Minnesota Attorney General Lori Swanson on Monday criticized the reopening of a state legislative auditor's investigation of her office, saying the inquiry was being pushed by former office employees who were disgruntled and motivated by "sour grapes."
Swanson was critical of Rep. Steve Simon, DFL-St. Louis Park, a lawyer in the attorney general's office from 1996 to 2001 and who met with Legislative Auditor Jim Nobles to urge him to again examine the management of a Medicaid fraud unit, which operates within the office. Although Nobles had initially said he did not find anything in the unit that merited further scrutiny, he agreed two weeks ago to take another look. Nobles said Monday that he would review whether documents on which he based his initial assessment might have been misleading.
Swanson's statements Monday were the latest volley in a series of controversies surrounding the office. Among them have been reports of an exodus of lawyers, charges that former Attorney General Mike Hatch, Swanson's predecessor, still exerts a large influence over the office and allegations that Swanson used heavy-handed tactics to thwart an attempt last year to unionize office employees.
Even Monday, Swanson's office was the subject of a debate in the state Senate, where DFLers defeated proposals to limit her political appointees and raise issues about Swanson's office remodeling, including the installation of $15,000 security doors.
"There is something going on in that office that is not right," said Sen. David Hann, R-Eden Prairie, who authored the failed proposals.
In her written statement Monday, the attorney general singled out Paul Civello, another former office employee who at one time headed the Medicaid fraud unit. In an affidavit provided to Nobles last year, Civello pointedly accused the attorney general's office -- under both Swanson and Hatch -- of mismanaging the unit. He said Swanson misused federal money by having employees from the unit work on legal cases that had little or nothing to do with Medicaid fraud and that were instead focused on generating favorable publicity for the office.
In a letter to Nobles, Swanson said Civello "lacks candor," "is not telling your office the truth" and "is disingenuous about his motives."
Civello dismissed Swanson's allegations. "Everything in my affidavit is true. I stand by it," he said Monday.
Swanson was equally blunt. "Most of his accusations about my administration related to his fixation on the office during the two years since he left," Swanson wrote of Civello. She also called on Civello, now a private attorney, to release an oral deposition that he provided earlier to Nobles, which she said "undermines" claims Civello made in his written affidavit. Swanson said she demoted Civello from his position after taking office in early 2007 and "had his salary cut dramatically."
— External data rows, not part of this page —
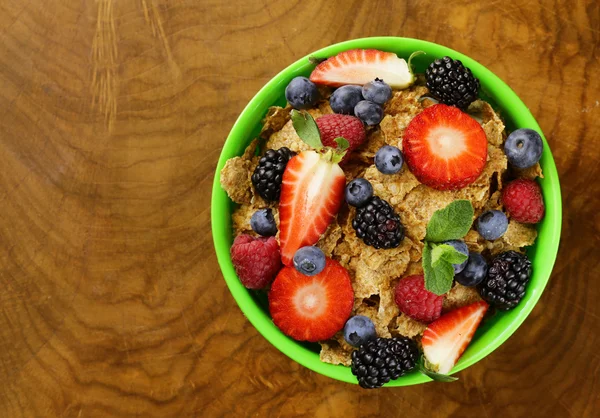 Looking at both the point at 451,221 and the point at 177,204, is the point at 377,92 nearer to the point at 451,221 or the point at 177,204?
the point at 451,221

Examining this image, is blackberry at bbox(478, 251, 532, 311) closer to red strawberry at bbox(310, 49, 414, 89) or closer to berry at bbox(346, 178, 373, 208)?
berry at bbox(346, 178, 373, 208)

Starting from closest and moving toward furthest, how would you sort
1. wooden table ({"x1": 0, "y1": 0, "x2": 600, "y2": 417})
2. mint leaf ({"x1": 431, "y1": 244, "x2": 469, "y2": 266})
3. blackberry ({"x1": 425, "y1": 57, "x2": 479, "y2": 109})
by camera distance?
1. mint leaf ({"x1": 431, "y1": 244, "x2": 469, "y2": 266})
2. blackberry ({"x1": 425, "y1": 57, "x2": 479, "y2": 109})
3. wooden table ({"x1": 0, "y1": 0, "x2": 600, "y2": 417})

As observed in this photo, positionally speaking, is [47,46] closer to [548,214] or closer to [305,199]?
[305,199]

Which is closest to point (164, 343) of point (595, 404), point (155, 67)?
point (155, 67)

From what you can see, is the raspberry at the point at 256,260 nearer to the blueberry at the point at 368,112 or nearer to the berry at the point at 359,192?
the berry at the point at 359,192

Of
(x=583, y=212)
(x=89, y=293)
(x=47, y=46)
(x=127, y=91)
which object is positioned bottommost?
(x=89, y=293)

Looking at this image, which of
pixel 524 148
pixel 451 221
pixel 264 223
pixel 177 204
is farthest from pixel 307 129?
pixel 177 204

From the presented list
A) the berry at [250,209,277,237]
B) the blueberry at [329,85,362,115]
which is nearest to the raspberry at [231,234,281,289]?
the berry at [250,209,277,237] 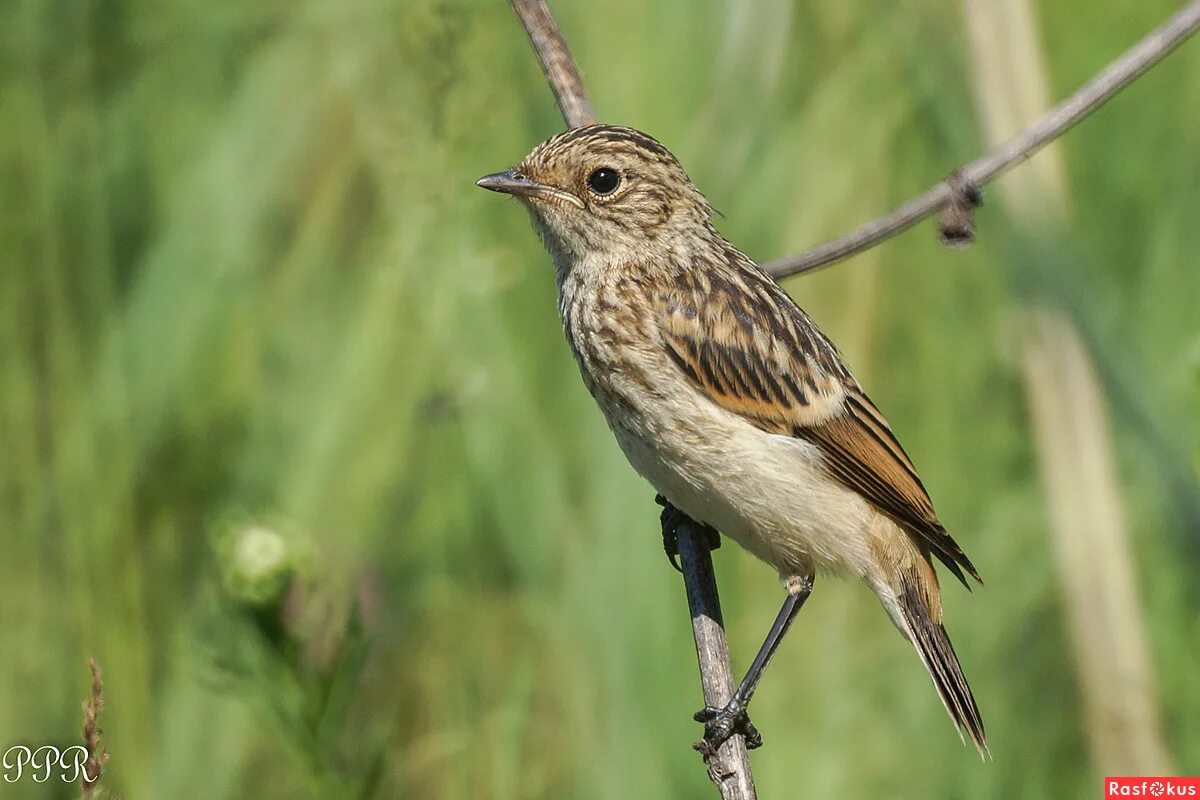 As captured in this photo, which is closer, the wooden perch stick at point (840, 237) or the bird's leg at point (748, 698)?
the wooden perch stick at point (840, 237)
Swanson also took aim at Civello's written affidavit, saying that it "demonstrates that he either lied to the federal government when he certified that the Medicaid Fraud Unit was employed on Medicaid activity, or he lied to the legislative auditor when he now says he doesn't believe the work in the unit he managed ... related to Medicaid fraud."
Regarding Simon, Swanson told Nobles that "I am not aware of another time in history where an individual legislator has pushed your office so hard to overturn prior audit findings ... in order to settle a personal vendetta."
Simon, who has been critical of the attorney general's office, said Monday he had little comment on Swanson's statements because of " an ongoing investigation into serious allegations."